» **THE PROBLEM**: Copy out all of the data word for word. Omit every picture.

» **DATASET EXTRACT**:
* * * * * * *

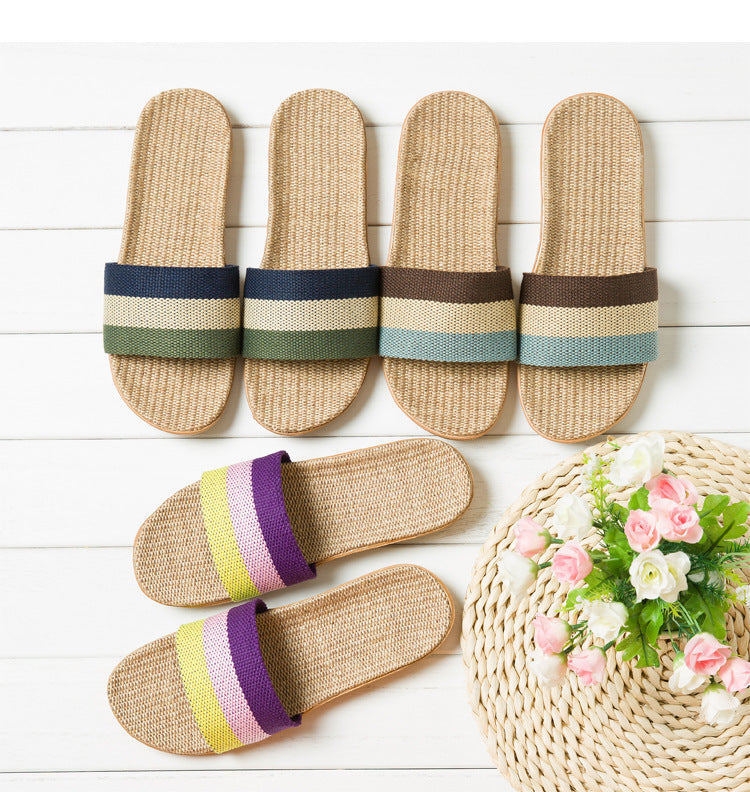 Linen Slippers Couple Indoor Platform Non-slip Non-stinky Feet - iztia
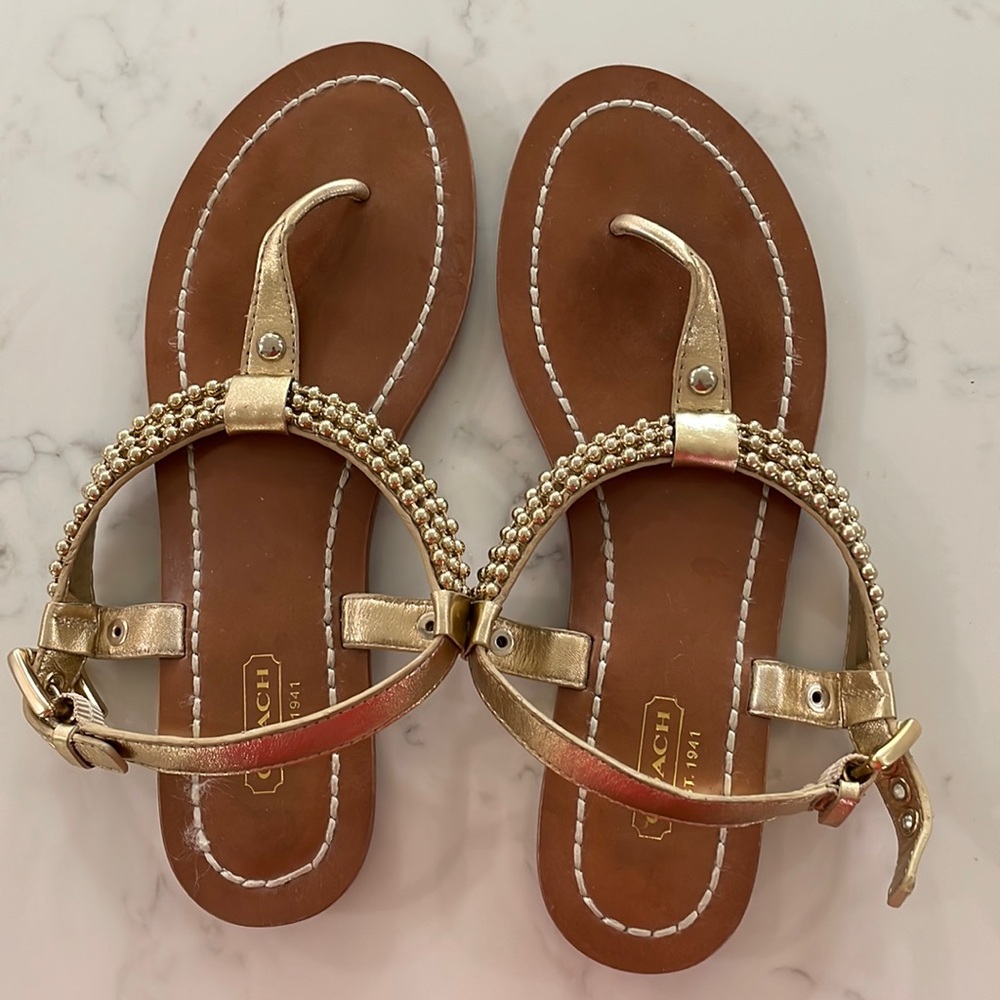Coach Gold sandals. Size 8. In great shape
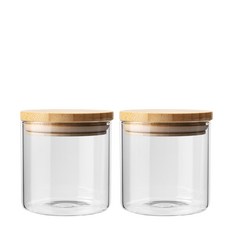 竹子耐熱玻璃密封容器, 350毫升, 2個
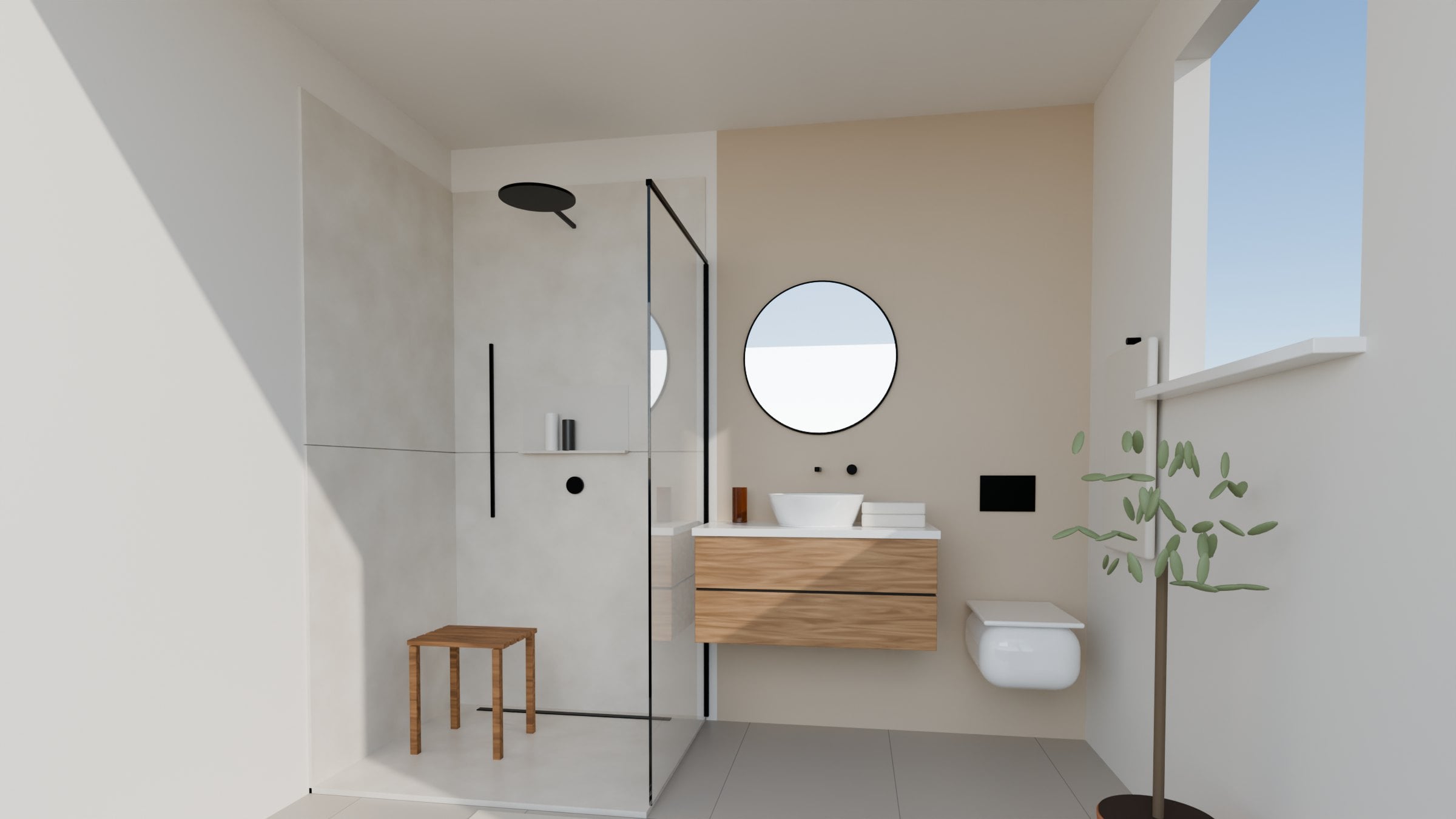 Rendering of a bathroom with a walk-in shower and floating oak vanity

* * * * * * *

» **TASK RESPONSE**:
 Linen Slippers Couple Indoor Platform Non-slip Non-stinky Feet - iztia
Coach Gold sandals. Size 8. In great shape
 竹子耐熱玻璃密封容器, 350毫升, 2個
 Rendering of a bathroom with a walk-in shower and floating oak vanity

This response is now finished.